Programmatic accreditation extends only to specific degree or diploma paths offered at a given school.

In addition to CollegeRecon’s School Finder tool, you can use the US Department of Education’s College Navigator tool and the Council for Higher Education website to see which schools are accredited, and by whom. It’s important to check both the last 2 lists.

5.) Could your credits from the college be transferred to another school if necessary? For-profit schools can close abruptly, and it’s possible a college of any type could decide to discontinue a program. Even if the school stays the same, your plans could change unexpectedly. Be proactive by making sure you that if you had to change schools, you could still pick up where you left off.

6.) Do you need remedial education to succeed in your chosen program?  If you need some basic prerequisites before you get into your major, could you choose to complete them at an inexpensive community college?

7.) How does the program measure up? Take a minute to run it through the GI Bill Comparison Tool

8.) Does the college have veterans resources? Choosing a college that offers hands-on, person-to-person, help navigating the system can be a big plus. Check to see if college you’re  considering has a Veterans Certifying Official.

Public, Private, For-Profit

Once you cover those bases you’ll also want to find out whether the schools you’re looking at are Public, Private, or For-profit.
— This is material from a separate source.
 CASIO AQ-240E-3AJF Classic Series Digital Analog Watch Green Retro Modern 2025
Here are the fundamental differences you’ll want to consider:

Public Colleges get most of their funding from state and local governments and are usually the least expensive option. They also receive some funding from  private donors. Most decisions about running the school are made by a board of directors.

Private Colleges are typically schools that are both Not-for-profit and tax-exempt. Their funding comes from a combination of private donations and tuition. As with public colleges, most decisions are made by a board of directors.  In recent times, a large number of private four-year colleges in the United States have fallen into high risk financially.  Every year a few of them get absorbed by larger schools, or close their doors. Make sure the one you’re looking at is in a stable position.
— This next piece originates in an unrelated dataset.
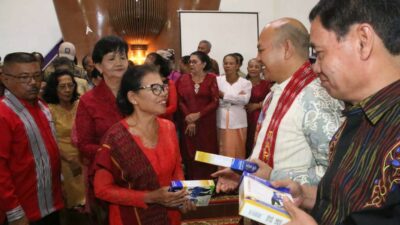 Bupati Taput Bersama Ketua TP PKK Hadiri Pesta Ulang Tahun di Tiga Gereja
For-profit Colleges get the bulk of their income from federal loans, and they have to show a profit. Most decisions about running these schools are made by shareholders who won’t hesitate to raise tuition costs, or reduce the money they spend on students to keep the business afloat.

For-profit colleges tend to cater to non-traditional students, which may make practical sense in terms of flexibility, convenience, and vocational focus. Their instructors are often people working in the field, rather than career professors. Some For-profit Colleges are better than others.

90/10 Loophole

If you’re considering a For-profit program, you should know about the 90/10 Loophole.

Under the federal rule, for-profit institutions are required to get at least 10 percent of their revenue from sources other than federal student aid. However, education benefits from the Departments of Defense and Veterans Affairs count toward the 10 percent minimum requirement. As a result, there have been some For-profit schools that have engaged in predatory practices that took advantage of veterans for the sake of GI Bill dollars. There are now movements afoot to have that 90/10 loophole closed. In March of 2020 Maryland became the first state to close it. A group in Oregon is pushing for a similar change.

Other Considerations for a For-Profit School

Here are some other things for you to consider when looking at a For-profit school:

Are their enrollment policies too lenient? Educational institutions are selective. Diploma mills welcome anyone who can scrape up the money to attend.

Are they trying to impress you with huge job placement numbers? Insist on getting more detail to make sure those graduates aren’t just “employed,” but actually working in the field they studied.

Do you know exactly what you’re signing up for?  Don’t let anyone tell you the loan application forms you’re filling out are just a formality.

Don’t wait until you’re enrolled in school to start doing your homework. A little homework on the front end will help ensure you have a better academic experience, a shorter path to success, and an easier transition into your chosen career.